I need help setting up this problem.
How many milliliters of 0.203 M KMnO4 are needed to react with 3.64 g of iron(II) sulfate, FeSO4? The reaction is as follows.
10 FeSO4(aq) + 2 KMnO4(aq) + 8 H2SO4(aq) → 5 Fe2(SO4)3(aq) + 2 MnSO4(aq) + K2SO4(aq) + 8 H2O(l)
Thanks
To solve this problem, you will need to use stoichiometry. Stoichiometry is a mathematical tool used in chemistry to relate the amounts of substances involved in a chemical reaction.
Here are the step-by-step instructions to set up this problem:
Step 1: Determine the molar mass of FeSO4.
The molar mass of FeSO4 is calculated by adding up the atomic masses of each element in the compound.
FeSO4 = (1 x atomic mass of Fe) + (1 x atomic mass of S) + (4 x atomic mass of O)
Step 2: Convert the mass of FeSO4 to moles.
To do this, divide the mass of FeSO4 (given as 3.64 g) by its molar mass.
Step 3: Use the balanced chemical equation to determine the stoichiometric ratio between FeSO4 and KMnO4.
According to the balanced equation, 10 moles of FeSO4 react with 2 moles of KMnO4.
Step 4: Use the stoichiometric ratio to convert moles of FeSO4 to moles of KMnO4.
Multiply the moles of FeSO4 by the ratio of moles of KMnO4 to moles of FeSO4.
Step 5: Convert moles of KMnO4 to milliliters of 0.203 M KMnO4 solution.
To do this, use the molarity (0.203 M) and the definition of molarity:
Molarity = moles/Liter of solution
Divide the number of moles of KMnO4 by the molarity to get the volume of the solution in liters.
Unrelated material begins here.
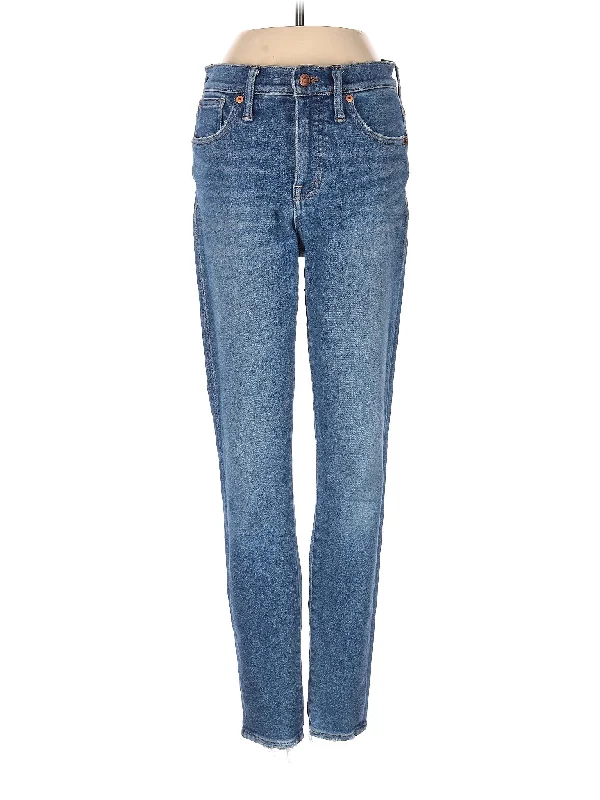 Holiday Jeans for Festive -Mid-Rise Straight-leg Jeans in Medium Wash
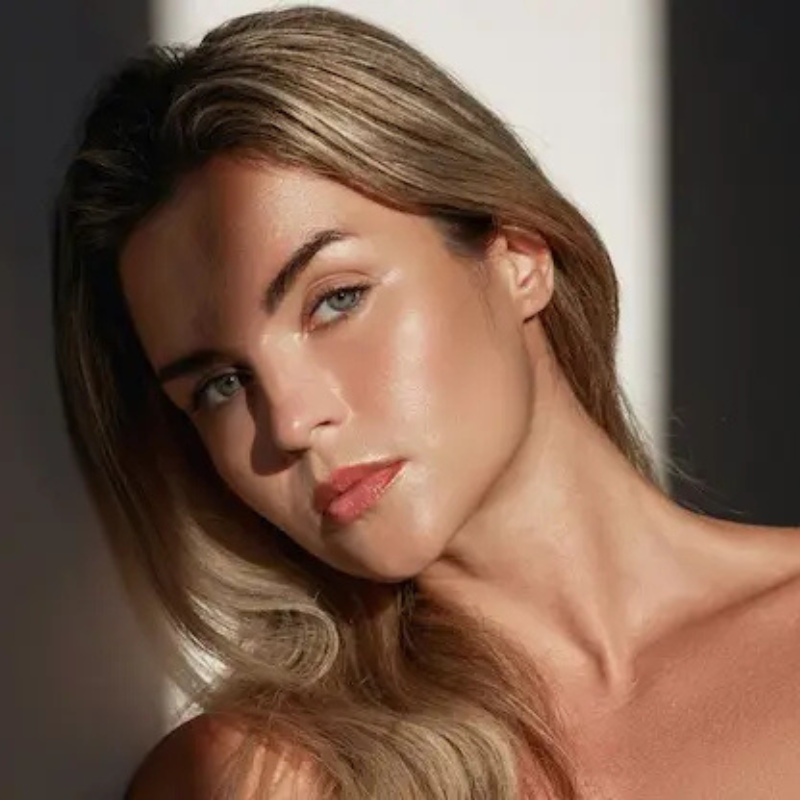 Portrait femme éclairée par le soleil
Then convert liters to milliliters.
Step 6: Calculate the final answer.
Round your answer to the appropriate significant figures.
Remember to show your work step-by-step! Let me know if you need help with any calculations or further explanations.
To set up this problem, we need to use stoichiometry and the given balanced chemical equation.
First, let's determine the molar mass of FeSO4 and KMnO4:
- Molar mass of FeSO4:
FeSO4 = (1 * atomic mass of Fe) + (1 * atomic mass of S) + (4 * atomic mass of O)
- Molar mass of KMnO4:
KMnO4 = (1 * atomic mass of K) + (1 * atomic mass of Mn) + (4 * atomic mass of O)
Next, we need to determine the number of moles of iron(II) sulfate (FeSO4) in 3.64 g:
- Moles of FeSO4 = mass of FeSO4 / molar mass of FeSO4
Then, we can use the balanced chemical equation to determine the ratio of KMnO4 to FeSO4:
- According to the equation:
10 FeSO4(aq) + 2 KMnO4(aq) + 8 H2SO4(aq) → 5 Fe2(SO4)3(aq) + 2 MnSO4(aq) + K2SO4(aq) + 8 H2O(l)
- The stoichiometric ratio of FeSO4 to KMnO4 is 2:10 (from the coefficients).
Finally, we can use the stoichiometric ratio to find the number of moles of KMnO4 required:
- Moles of KMnO4 = moles of FeSO4 * (10/2)
Now, we need to calculate the volume (in milliliters) of 0.203 M KMnO4 that contains the calculated moles of KMnO4:
- Volume (in liters) of 0.203 M KMnO4 = moles of KMnO4 / molarity (M) of KMnO4
- Volume (in milliliters) of 0.203 M KMnO4 = (Volume in liters) * 1000
This will give you the final answer: the number of milliliters of 0.203 M KMnO4 needed to react with 3.64 g of FeSO4.